Asia grows 80 percent of the world’s rice
Rice plays an important role in the food of the whole world. Paddy is cultivated in about 100 countries and there are thousands of varieties of it. Thick Sela rice is available for the poor and there are many types of Basmati rice for the rich. Paddy is cultivated after maize in the world. Asia accounts for 80 percent of the paddy grown all over the world. India’s share in this is 20 percent. It is believed that about 200 million people of Asia depend on paddy for their livelihood. Among the five types of grains in the world, rice is the only grain, which has a different color and aroma.
About 200 million people of Asia depend on paddy for their livelihood.
Many types of rice and their properties are described in Ayurveda texts.
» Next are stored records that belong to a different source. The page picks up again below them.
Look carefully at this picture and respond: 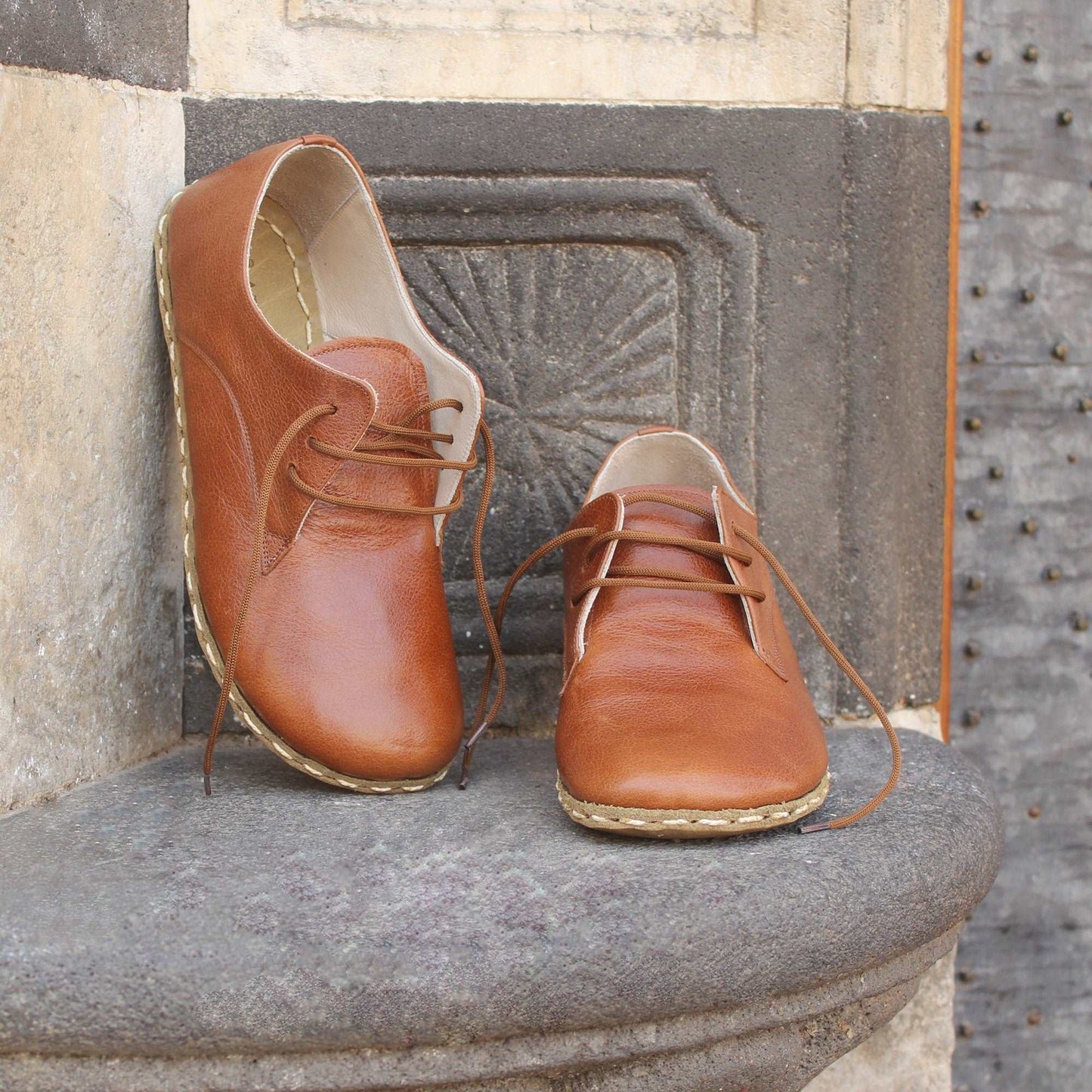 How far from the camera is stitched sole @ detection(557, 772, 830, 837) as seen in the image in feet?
2.51

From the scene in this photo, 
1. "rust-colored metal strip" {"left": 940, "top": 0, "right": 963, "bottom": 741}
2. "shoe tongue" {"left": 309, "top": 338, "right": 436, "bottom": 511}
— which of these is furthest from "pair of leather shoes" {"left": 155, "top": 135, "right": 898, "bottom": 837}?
"rust-colored metal strip" {"left": 940, "top": 0, "right": 963, "bottom": 741}

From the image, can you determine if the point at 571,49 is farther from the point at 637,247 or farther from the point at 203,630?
the point at 203,630

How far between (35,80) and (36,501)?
0.34 m

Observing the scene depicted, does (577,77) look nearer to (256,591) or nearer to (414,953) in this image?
(256,591)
In the Ayurvedic text ‘Charakasamhita’ written in the seventh-eighth BC, many varieties of rice and their merits and demerits have been described. In the book, 15 varieties of rice have been mentioned like Shali, Yavak, Dhanya, Kordush, Brihidhanya, Hastyamak, Nivar, Lohwak, Sugandhak etc. and it is said that red rice is the best. It is tridoshnashak and destroys craving. It is also said in the text that rice is aliphatic, cold, sweet, but it increases phlegm and bile and produces more urine.
Provides instant energy, slows down aging
According to the country’s well-known Yogacharya Acharya Shri Balkrishna, rice has the ability to provide instant energy, stabilize blood sugar and slow down the aging process. Many diseases including jaundice, piles, vomiting and diarrhea are treated with the use of rice. The disadvantage of eating rice is that it can increase the sugar of people with diabetes. Overeating can lead to obesity, stomach-related diseases. Too much rice can also lead to the possibility of stones. It also causes lethargy and can aggravate cold and cough.